Hi ! You can find it in car tools or repair shops, or on the net 
56 cm Flexible Pick Up Outils magnétiques Outils Métal Vis à Main Tournevis écrous boulons Soulever bâton Amazon product


----------



## Courtneybst (23 May 2022)

You can also get telescopic magnets from Riverwood Aquatics, I think it was about £2.50 or something... Works as you'd expect.


----------



## Marios (24 May 2022)

Simon Cole said:


> How about a neodymium magnet? The higher the N-rating, the stronger the force. The highest rating is N52, and a small one should cost around £10. Beyond that you would require a waterproof electromagnet.


Hi Simon, are these neodymium magnets aquarium safe?


----------



## Simon Cole (24 May 2022)

Marios said:


> Hi Simon, are these neodymium magnets aquarium safe?


Probably... I doubt that they can cause fish to swim backwards, fluorescent lights to come on when they are off, or electromagnets in filter pumps to flow in reverse. Just keep them away from contact with electronics, and be especially careful if you have a pacemaker because things like that could possibly go haywire into terminator overdrive mode.


----------



## ElleDee (24 May 2022)

Simon Cole said:


> Probably... I doubt that they can cause fish to swim backwards, fluorescent lights to come on when they are off, or electromagnets in filter pumps to flow in reverse. Just keep them away from contact with electronics, and be especially careful if you have a pacemaker because things like that could possibly go haywire into terminator overdrive mode.



And don't eat them!


----------



## Marios (29 Jul 2022)

Simon Cole said:


> Probably... I doubt that they can cause fish to swim backwards, fluorescent lights to come on when they are off, or electromagnets in filter pumps to flow in reverse. Just keep them away from contact with electronics, and be especially careful if you have a pacemaker because things like that could possibly go haywire into terminator overdrive mode.


Hi Simon and thanks for the response. 

However let me rephrase my question.
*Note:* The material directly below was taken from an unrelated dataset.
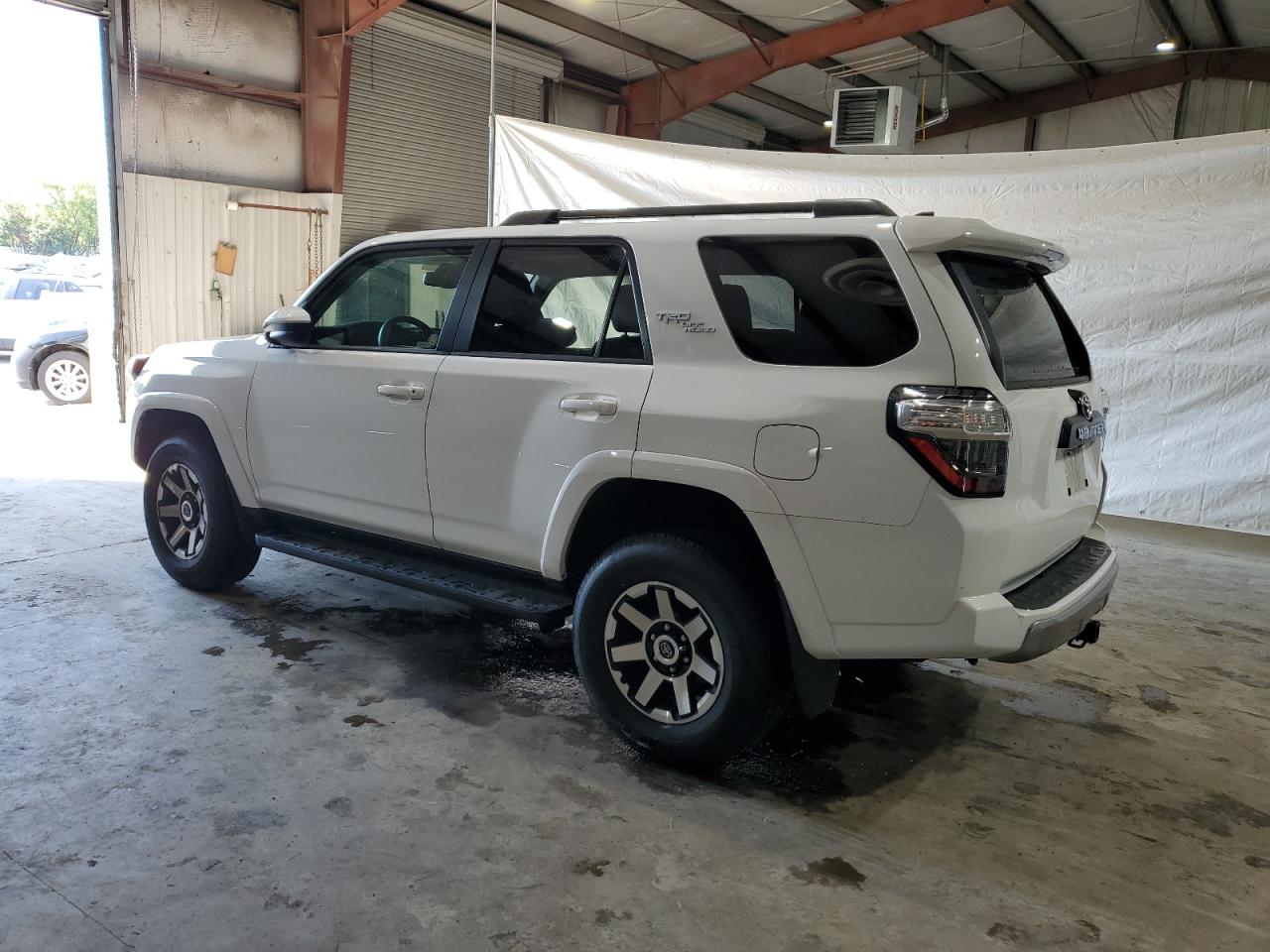 VIN JTEPU5JR4P6132677 2023 TOYOTA 4RUNNER SE no.2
Will this type of magnet, or any kind of magnet, react in any way with the water and release any kind of harmful substances, taking into account the ferts that are used? 

I understand that the contact time will be, minimal, for just a few minutes, however I am clueless with regard to chemistry and just want to play it safe. 

For example, will this Amazon product , be safe to use?

Apologies for my ignorance and for hijacking James' thread . 

Thanks, 
Marios


----------



## jamiepearson (29 Jul 2022)

I use one like that. I think the only issue isn't with the tank but is actually not drying it, water staying inside the shaft and rusting


----------



## Marios (29 Jul 2022)

Thanks for you response @jamiepearson


----------



## alnitak (29 Jul 2022)

Hello, after using this kind of tool (which works pretty good) to pick the aquasoil, and spending time to remove each piece on the sand, I gave up... and the winners are... the amano shrimps... 👏


----------



## KirstyF (29 Jul 2022)

alnitak said:


> Hello, after using this kind of tool (which works pretty good) to pick the aquasoil, and spending time to remove each piece on the sand, I gave up... and the winners are... the amano shrimps... 👏



It’s always the shrimps and I was so gonna get one of these handy little gadgets.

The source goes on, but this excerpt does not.